Lorsque je me hasarde à faire observer l’injustice de cette situation, on me rappelle le second point de ma liste. Apparemment, le seul destin acceptable d’une jeune femme de la Maison Windsor consiste à épouser un membre d’une des autres Maisons royales qui, semble-t-il, parsèment encore l’Europe – bien qu’il ne reste de nos jours que très peu de monarques régnants. Même une Windsor aussi insignifiante que moi est une prise séduisante pour ceux qui souhaitent forger une alliance précaire avec la Grande-Bretagne en ces temps instables. On me répète sans cesse qu’il est de mon devoir de faire un bon mariage avec un membre parfaitement affreux d’une famille royale européenne – un individu à demi aliéné, aux dents de lapin, dépourvu de volonté et de courage – et ainsi de nouer des liens avec un ennemi potentiel. c’est ce qu’a fait ma cousine Alex, la pauvre. Son exemple tragique m’a servi de leçon.

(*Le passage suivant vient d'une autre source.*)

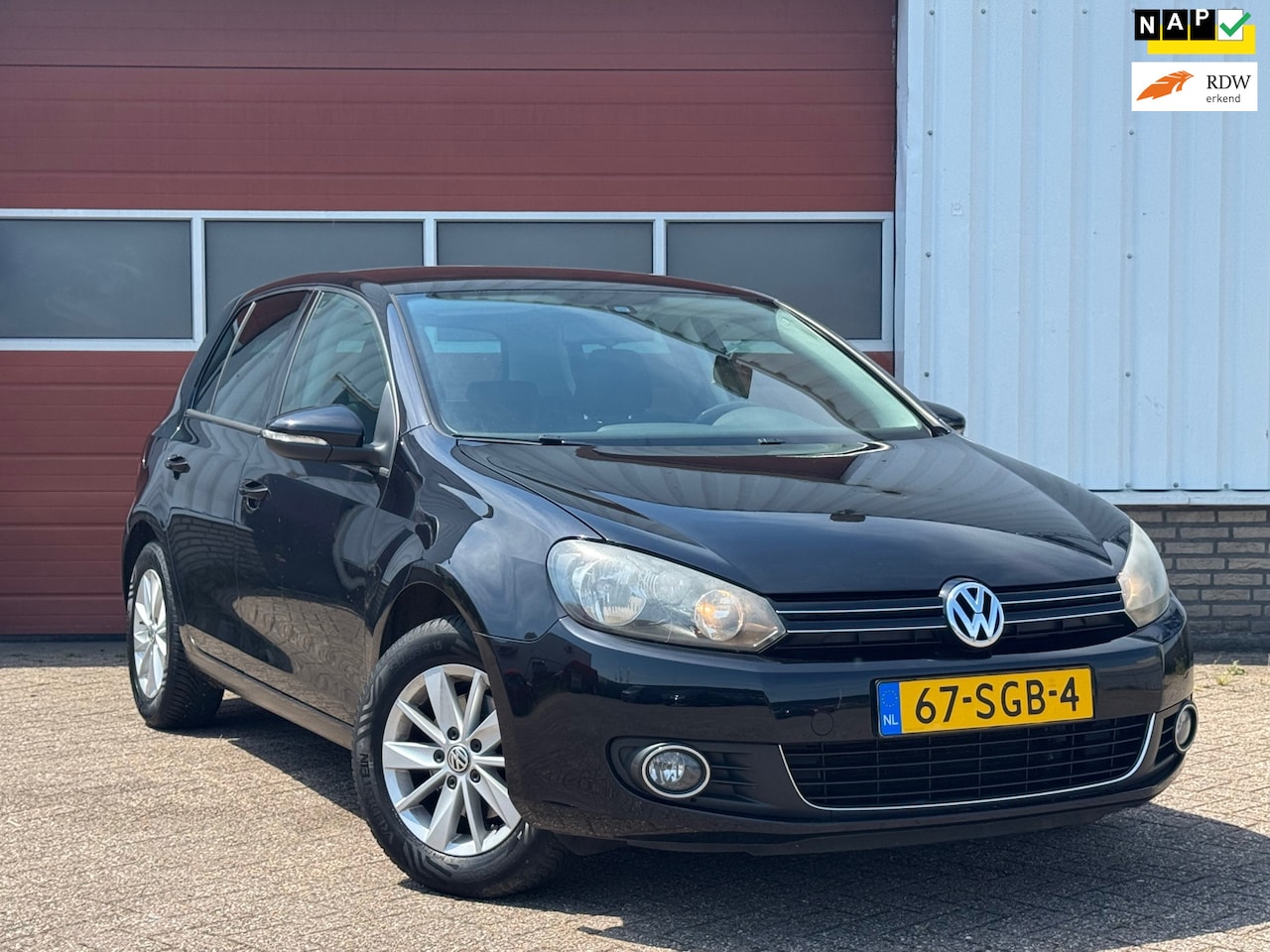 Volkswagen Golf - 1.2 TSI Highline BlueMotion |2011| CLIMATRONIC | - AutoWereld.nl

Avant d’aller plus loin, je suppose qu’il faut me présenter. Je suis Victoria Georgiana Charlotte Eugénie, fille du duc de Glen Garry et Rannoch – mais tout le monde me surnomme Georgie. Ma grand-mère était la moins attirante des filles de la reine Victoria et par conséquent ne réussit jamais à prendre au piège un Romanov ou un Kaiser, ce dont je lui suis infiniment reconnaissante – et j’imagine qu’elle le fut elle aussi. On la casa alors avec un maussade baron écossais, à qui l’on offrit un titre de duc afin qu’il acceptât de débarrasser la vieille reine de ma grand-mère. Elle mit consciencieusement au monde mon père, le deuxième duc, avant de succomber à l’une de ces maladies que provoquent les alliances consanguines et un excès de grand air. Je ne l’ai jamais connue. Je n’ai jamais rencontré non plus mon terrifiant grand-père, bien que les domestiques affirment que son fantôme hante toujours le château de Rannoch et joue de la cornemuse sur les remparts (ce qui est en soit étrange, étant donné qu’il n’en avait jamais joué de son vivant). Lorsque je naquis au château de Rannoch – la demeure familliale, encore moins confortable que le manoir royal de Balmoral -, mon père, désormais duc, était fort occupé à dilapider la fortune dont il avait hérité.